Intervention de Yannick Moreau

Séance en hémicycle du 4 juin 2014 à 21h30
Prévention de la récidive et individualisation des peines — Article 3

Photo issue du site de l'Assemblée nationale ou de WikipediaYannick Moreau :

Avec l’article 3, vous inversez l’ordre des choses. La juridiction devra désormais motiver les peines de prison ferme non aménagées. Pourquoi faire si peu confiance à l’institution judiciaire ? Avez-vous peur qu’elle fasse trop bien son travail et applique trop justement la loi ? Cet article consacre le droit à l’impunité du délinquant, vu comme une victime du système, que le juge doit, par définition, relâcher. Pour la majorité, nous l’avons bien compris, l’homme naît bon, c’est la prison qui le corrompt.

L’article 3 illustre parfaitement l’idée générale de votre loi laxiste. Pour lutter contre la surpopulation carcérale, vous proposez une solution radicale : tout faire pour ne pas remplir les prisons. Je m’opposerai à l’adoption de cet article qui fera de la prison l’exception. Le rôle de la peine, comme l’a souligné notre collègue Julien Aubert, n’est-il pas de punir, de sanctionner et de rétablir l’équilibre causé par l’infraction ?

Dans l’éventail de la réponse pénale, la prison ne doit pas être l’unique solution, j’en conviens, mais elle doit être une solution et non une option facultative. Entendez-vous le cri des Français qui ne se reconnaissent plus dans cette justice rendue en leur nom ? En effet, 77 % des Français estiment que la justice fonctionne mal. Comment les en blâmer alors que nous savons que 2,6 millions d’affaires ne sont pas poursuivies par la justice et que les délais de procédure, faute de moyens, sont interminables et incompréhensibles pour la plupart de nos compatriotes ?

Votre réforme est dangereuse pour nos compatriotes et la France. Elle mettra des milliers de détenus en liberté. Elle permettra à des milliers de délinquants, y compris les coupables d’agressions sexuelles, de se retrouver face à face avec leurs victimes sans qu’ils soient passés par la case prison. Elle ouvrira toujours plus de droit à sortir au condamné et toujours moins d’attention, d’écoute et de protection aux victimes qui ne sont que l’accessoire de votre pseudo-réforme.

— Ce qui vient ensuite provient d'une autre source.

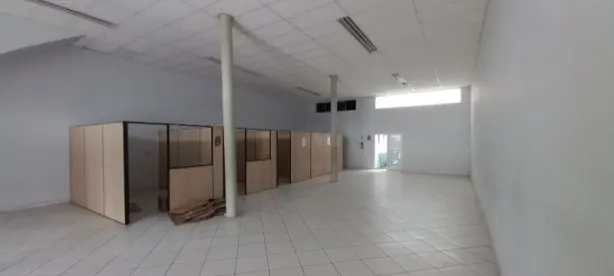 Ponto Comercial à venda, 600m² no Jardim Toledo, Votorantim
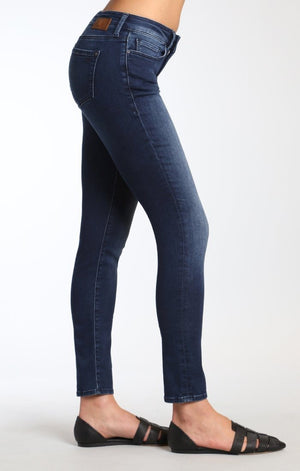 ALEXA SKINNY IN DEEP SHANTI - Mavi Jeans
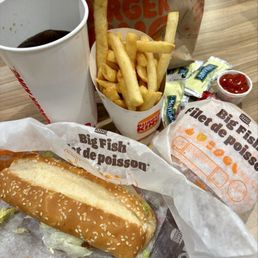 Chicken Sandwich
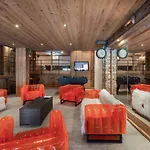 Chalet Courchevel 1650, 5 pièces, 8 personnes - FR-1-568-14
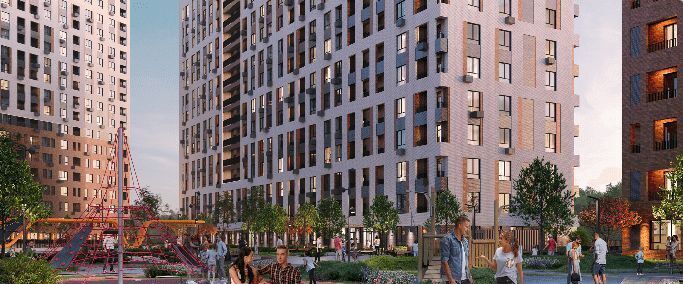 квартира г Казань Козья слобода ул Краснококшайская 60 фото 4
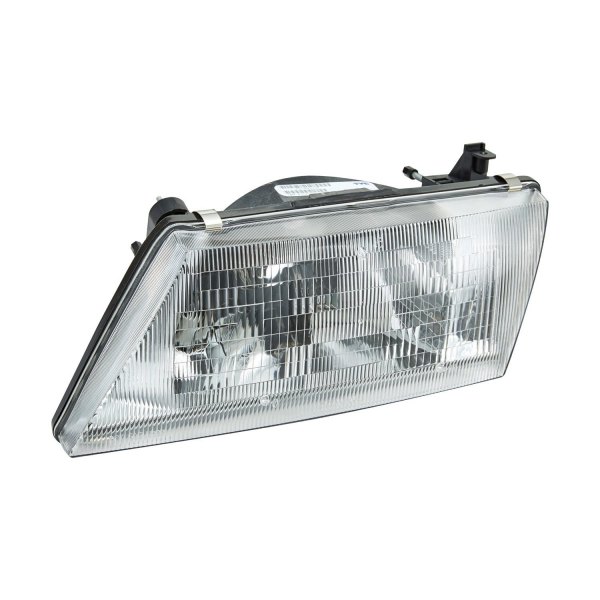 20-3083-00 Driver Side Replacement Headlight for 1995-1997 Nissan 200SX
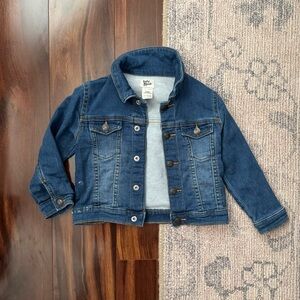 Baby Osh Kosh Jean jacket
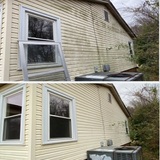 Locklear's pressure washing, Concord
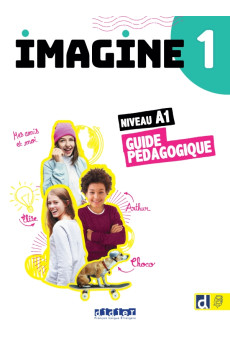 Imagine 1 Guide Pedagogique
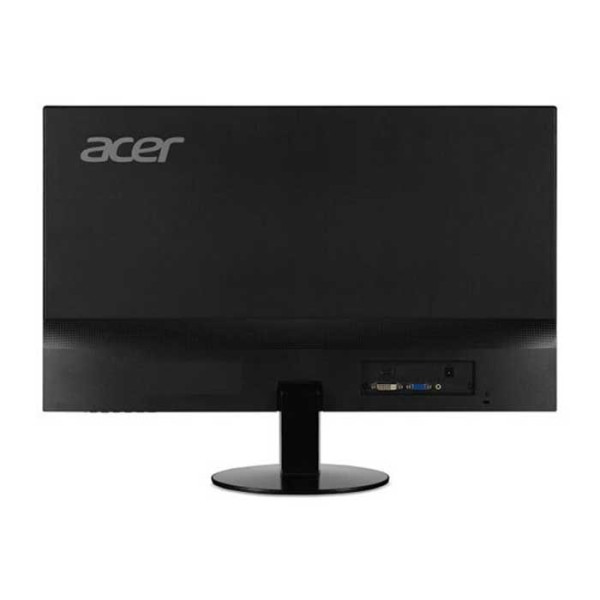 მონიტორი/Monitor Acer SA220QABI 21.5" FHD IPS 4ms VGA HDMI Black - UM.WS0EE.A01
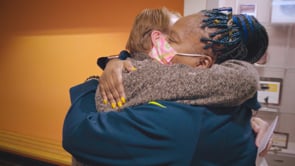 Goodwill: Cheri's Story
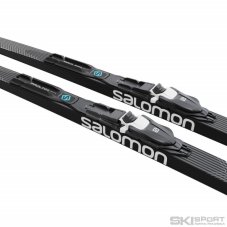 Salomon RC 7 eSKIN Med+ PLK SHIFT PRO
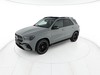 Mercedes GLE gle 300 d amg line advanced plus 4matic auto ibrido grigio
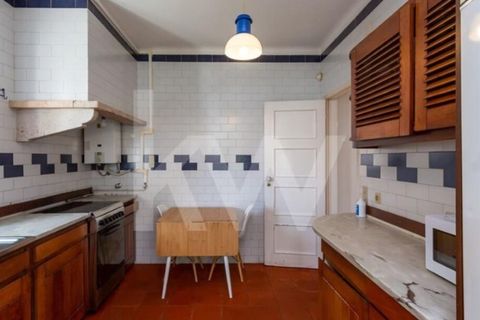 Villa i Alges, Lisbon, Alges - € 1.000.000 | Ref: 1217-1976 - foto 19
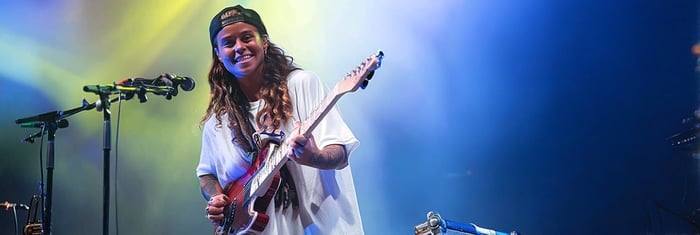 Tash Sultana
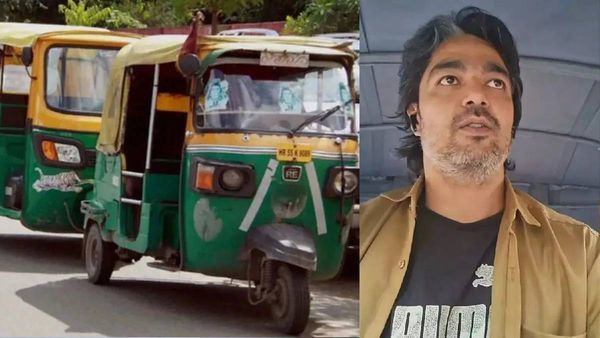 ബെംഗളൂരുവിലെ കോര്‍പ്പറേറ്റ് ജോലി ഉപേക്ഷിച്ച് ഓട്ടോ ഡ്രൈവറായി; തീരുമാനത്തിന് കാരണം ഇതാണ്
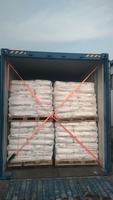 Le dernier lot d'acide citrique anhydre à bas prix n ° CAS 77-92-9 en stock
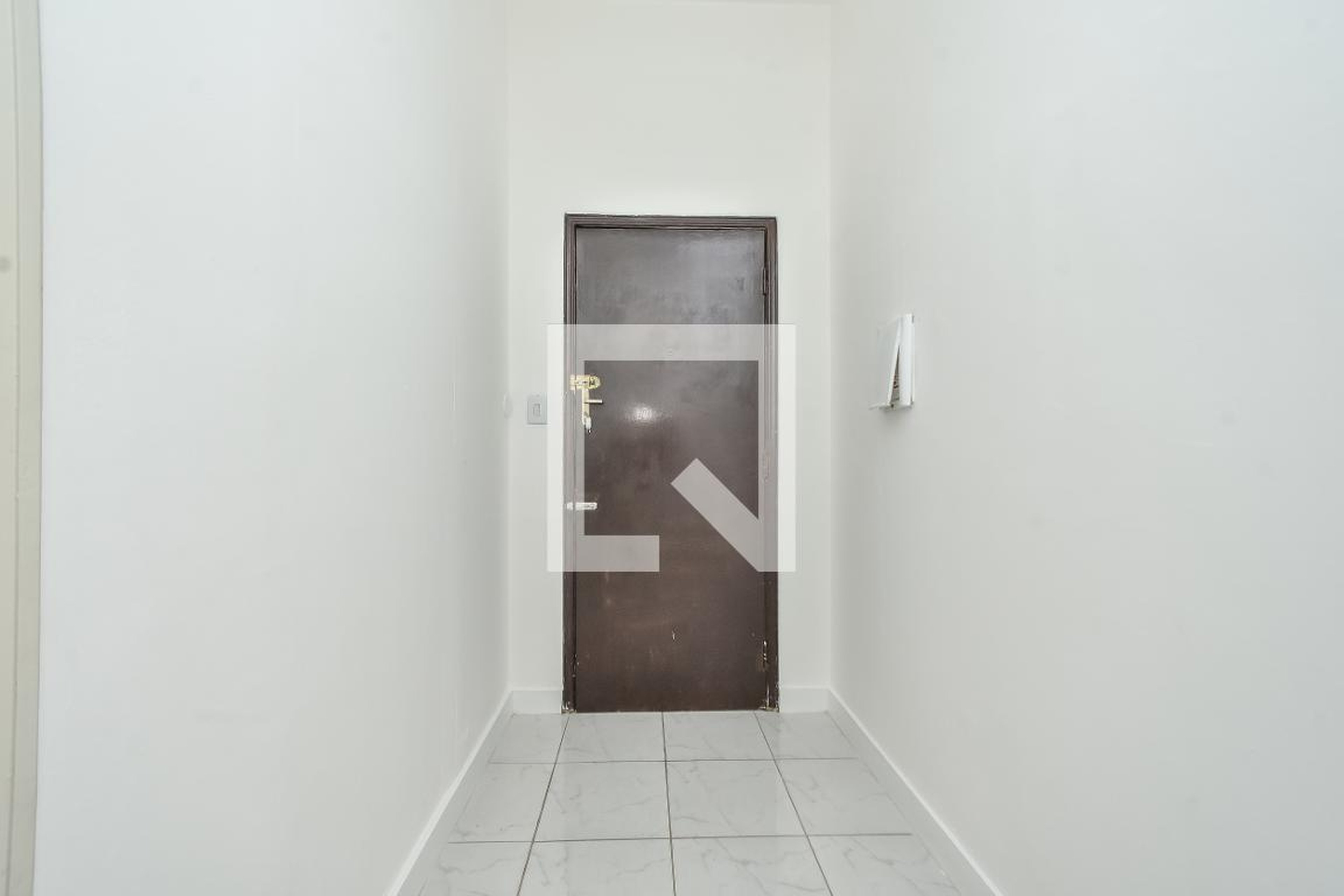 Hall de entrada - Edifício Campos Eliseos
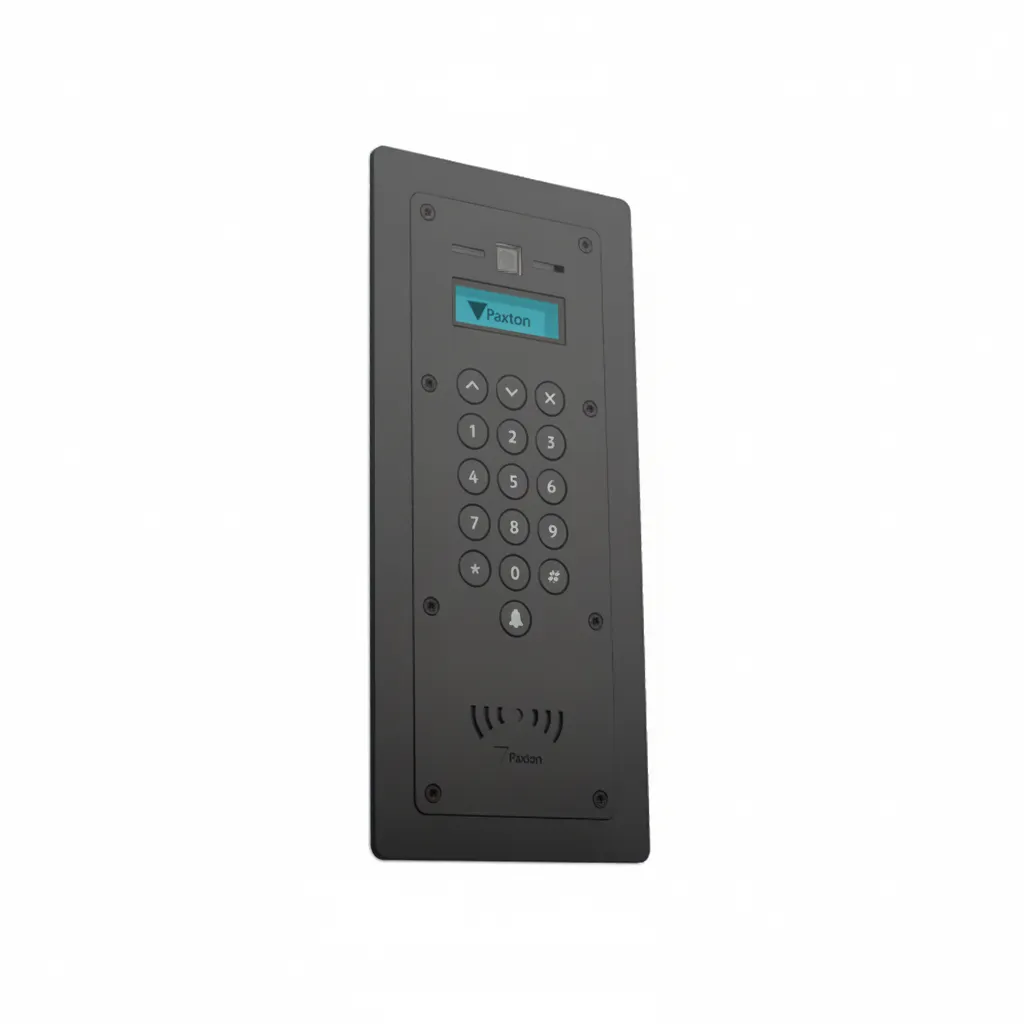 Flat Panel LCD Display - Sleek Design for Home and Office Use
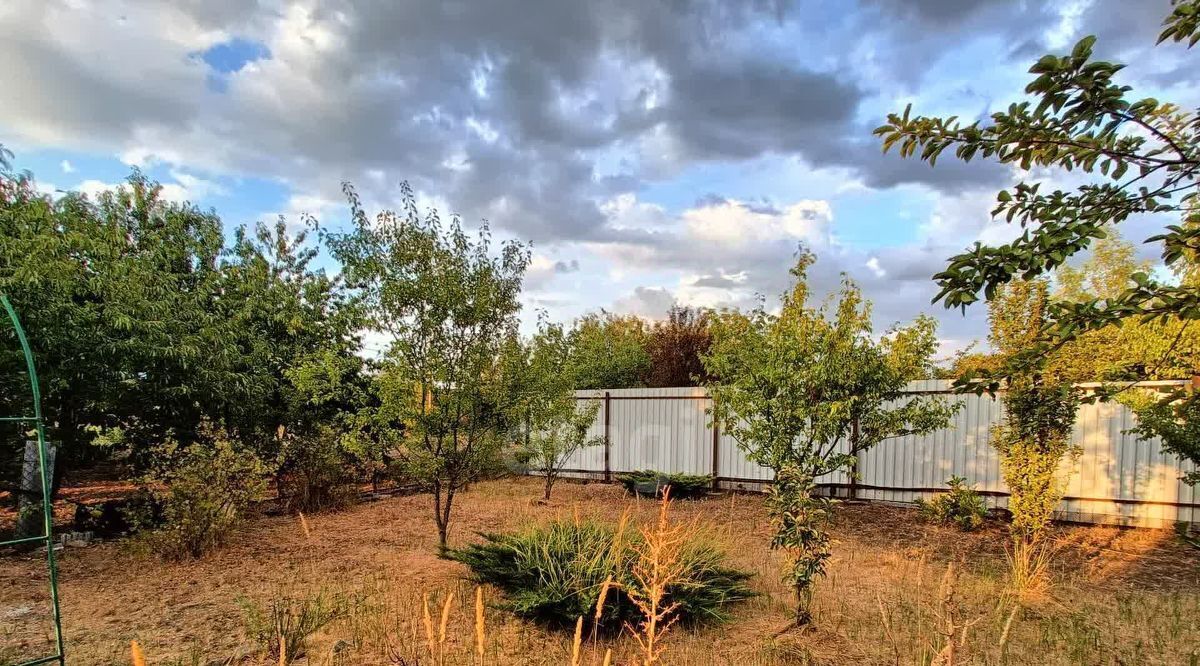 дом р-н Ейский г Ейск снт Южное Ейское городское поселение фото 20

Grâce à vous, madame la ministre, les délinquants de France ont de beaux jours devant eux. Là où les Français réclament plus de sévérité, le maintien, voire le renforcement des peines plancher, vous les supprimez. Là où les Français demandent l’application de peines de prison ferme claires et la suppression des remises de peines automatiques, vous instaurez la contrainte pénale. Là où les Français veulent empêcher la récidive des crimes les plus graves en élargissant le cadre de la perpétuité réelle, vous désarmez les magistrats.